== Exercise ==
Your answer must consist of exactly the lines below, starting with the line with "6 25 12ded0aa" and going on through the line with "INDEPENDENCE OF THE SEAS İLE DOĞU KARAYİPLER", and nothing else.

------ Input

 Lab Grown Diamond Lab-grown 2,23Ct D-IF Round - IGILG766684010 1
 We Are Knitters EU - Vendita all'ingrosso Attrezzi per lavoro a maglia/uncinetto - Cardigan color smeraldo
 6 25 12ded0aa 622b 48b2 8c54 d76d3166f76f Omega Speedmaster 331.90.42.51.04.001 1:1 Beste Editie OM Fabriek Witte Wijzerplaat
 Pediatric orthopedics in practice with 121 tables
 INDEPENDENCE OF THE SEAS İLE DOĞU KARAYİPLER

------------
------ Input

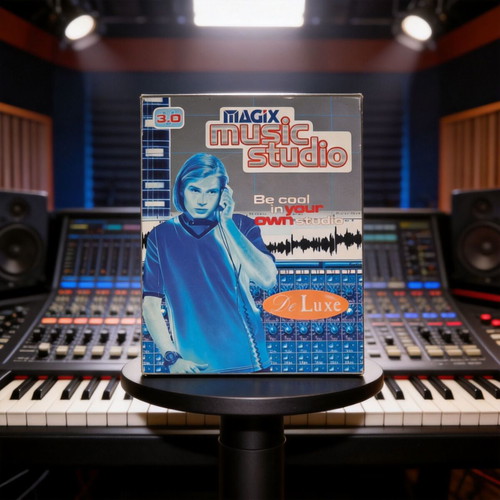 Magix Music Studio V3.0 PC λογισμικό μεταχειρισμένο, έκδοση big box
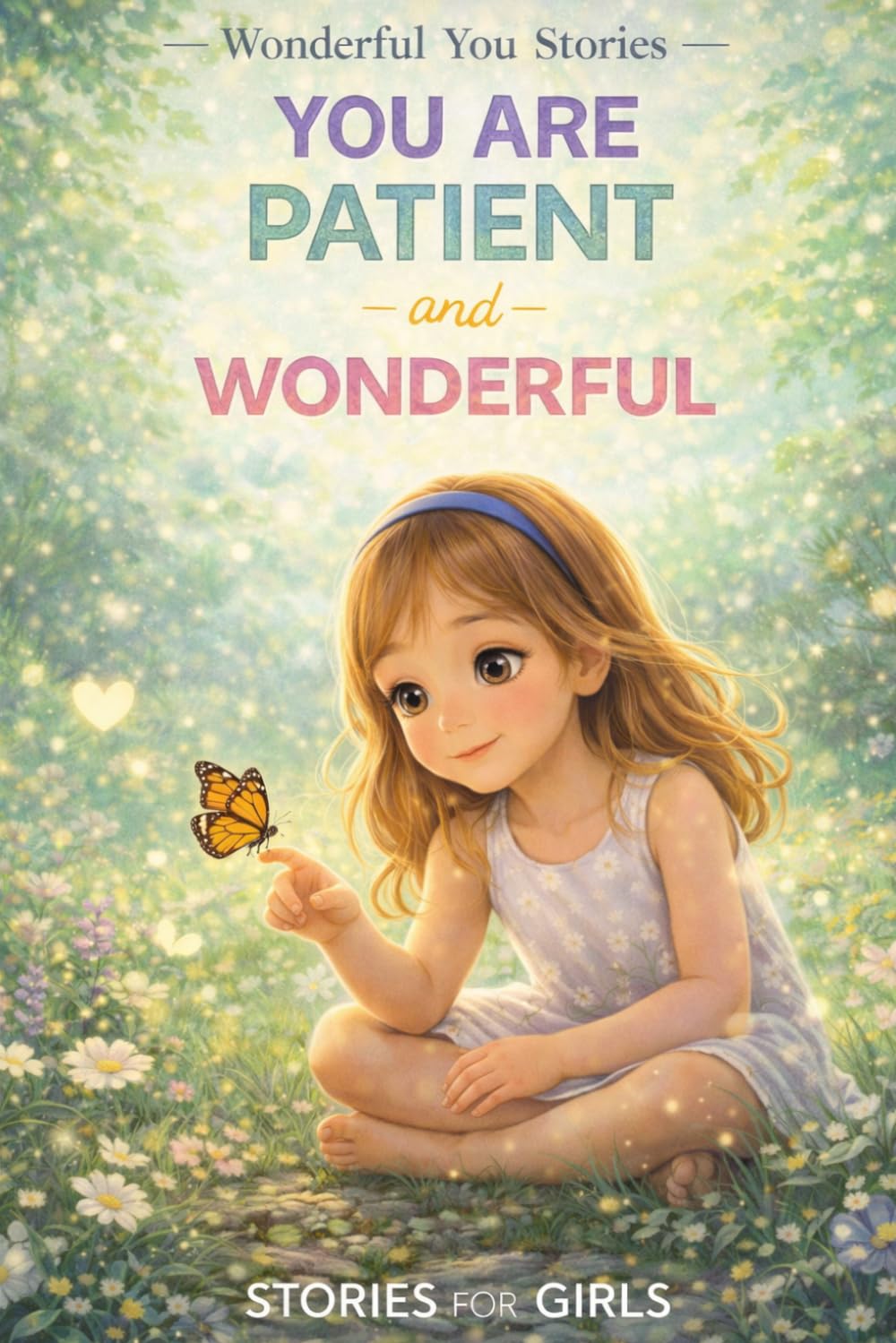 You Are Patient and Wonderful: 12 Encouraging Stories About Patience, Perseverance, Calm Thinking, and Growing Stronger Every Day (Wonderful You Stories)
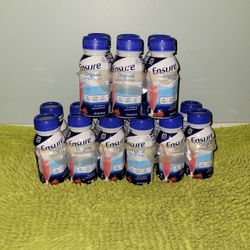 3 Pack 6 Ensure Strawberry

------------

== Written response ==
 6 25 12ded0aa 622b 48b2 8c54 d76d3166f76f Omega Speedmaster 331.90.42.51.04.001 1:1 Beste Editie OM Fabriek Witte Wijzerplaat
 Pediatric orthopedics in practice with 121 tables
 INDEPENDENCE OF THE SEAS İLE DOĞU KARAYİPLER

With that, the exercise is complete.